We know most of them will thrive, but some will struggle. Some of their success or failure will be a direct result of their actions or our preparation, but some may be due to factors we can’t anticipate, variables out of anyone’s control.

We all do what we can and hope for the best, but we’re ultimately guessing at all of it, knowing there will be wounds to heal even if things go as well as can be expected.

Like we tell these students: “adventure” doesn’t necessarily mean “all fun all the time.” Sometimes it means snakes on the plane.

In the end, all we can do is prepare ourselves for either.

When we returned home, I headed out back to check on our bees. Both Harkonnen and Atreides hives seemed to be doing well enough. There were bees heading out while others were re-entering their respective Taj Mahals with sleeves of pollen bulging from each leg.

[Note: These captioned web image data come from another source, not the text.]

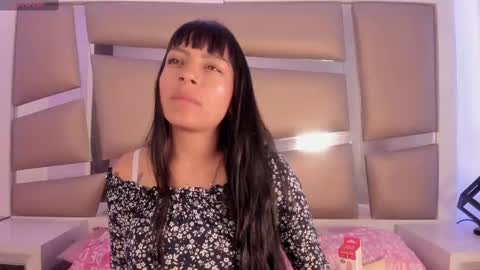 Snapshot of angely_js chatting on 01.27.25 angely_js online show from 01.27.25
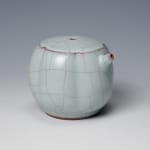 SUWA Sozan Ⅲ 三代 諏訪 蘇山, Incense Container with Mouse青瓷干支子 香盒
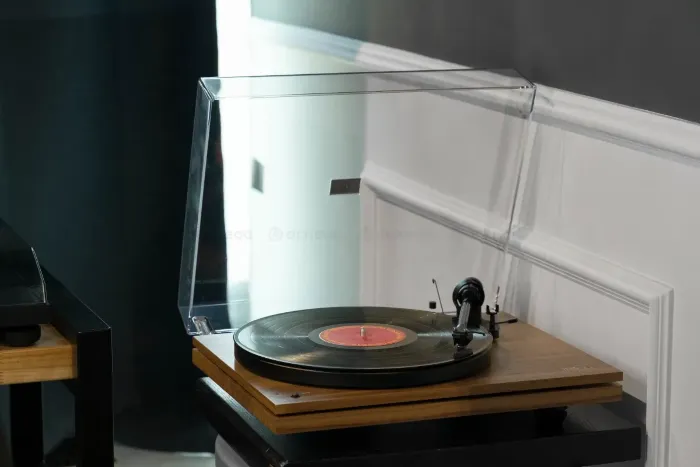 Music Hall MMF-3.3 SE Walnut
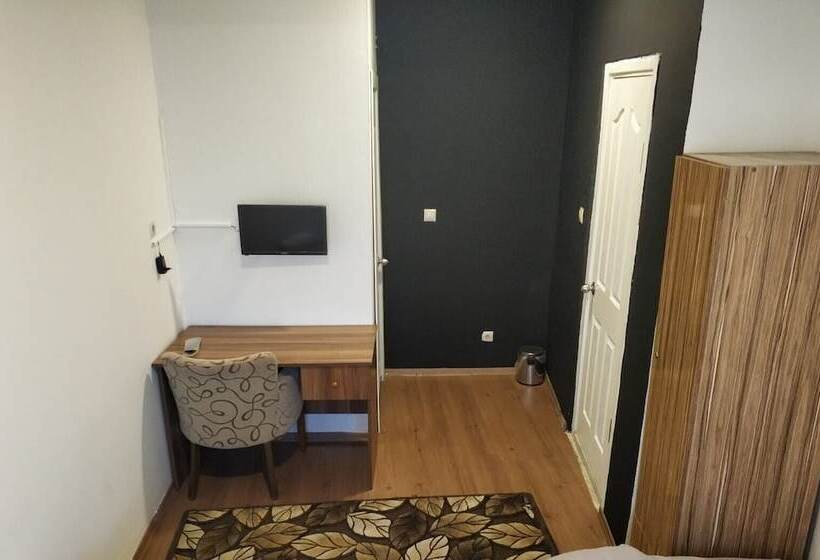 스탠다드 룸, Bulvar Hostel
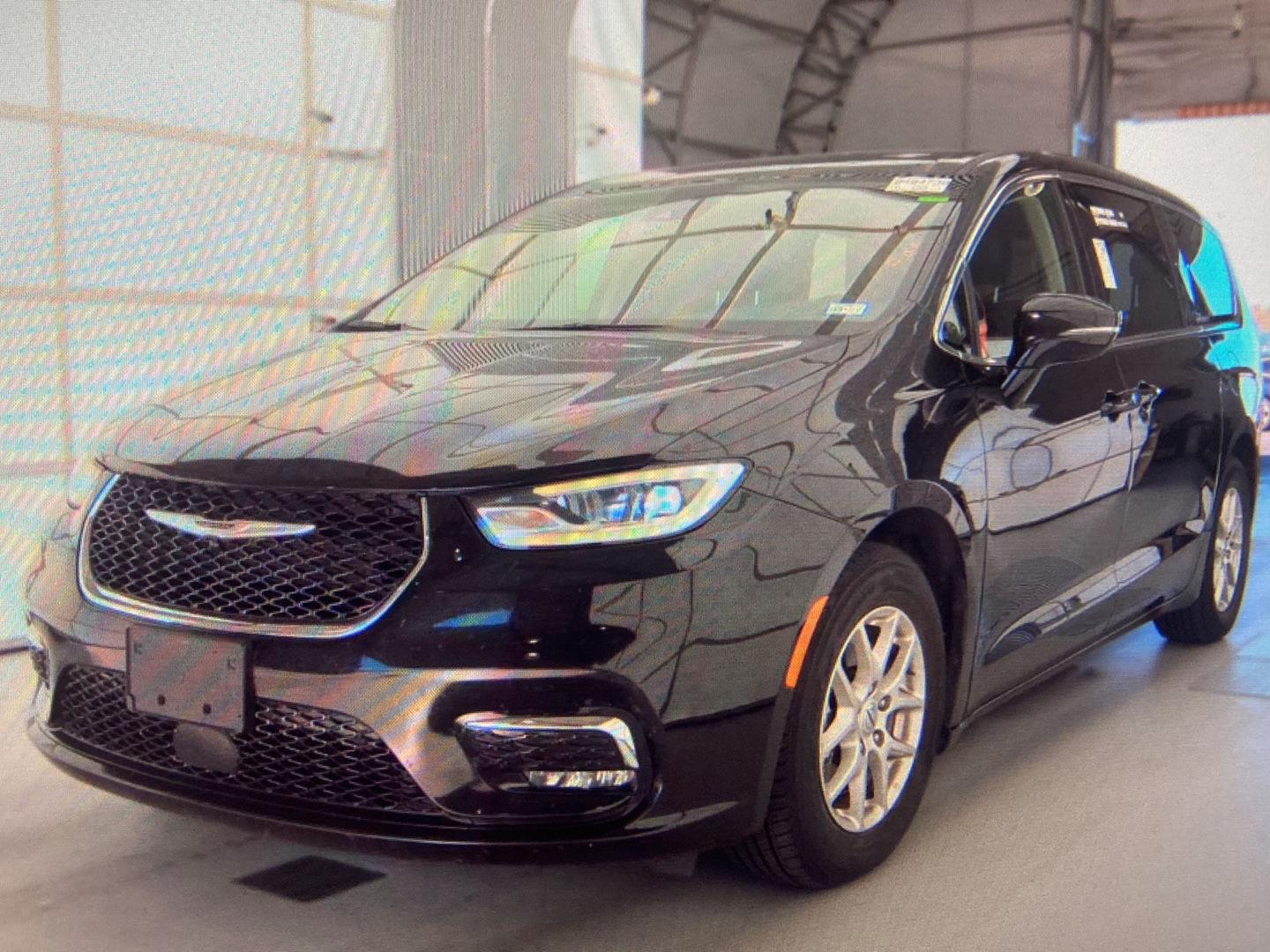 Certified 2024 Chrysler Pacifica Touring L Van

I’ll get back to my morning routine this week, watching their activity over a cup of coffee. Maybe we’ll chat. They’ll buzz and I’ll give them advice, hoping they don’t get into some random trouble out there in the big world. I have faith, but also, we’re talking about 30,000 bees, each of whom is just living its best life. Whether that means more heartbreak in our future isn’t clear at this moment.

In the chill of the morning, I’ll hover over the steam rising from my coffee.

“Make good choices, guys,” I’ll say. At this point, that advice is all I have for anyone around here.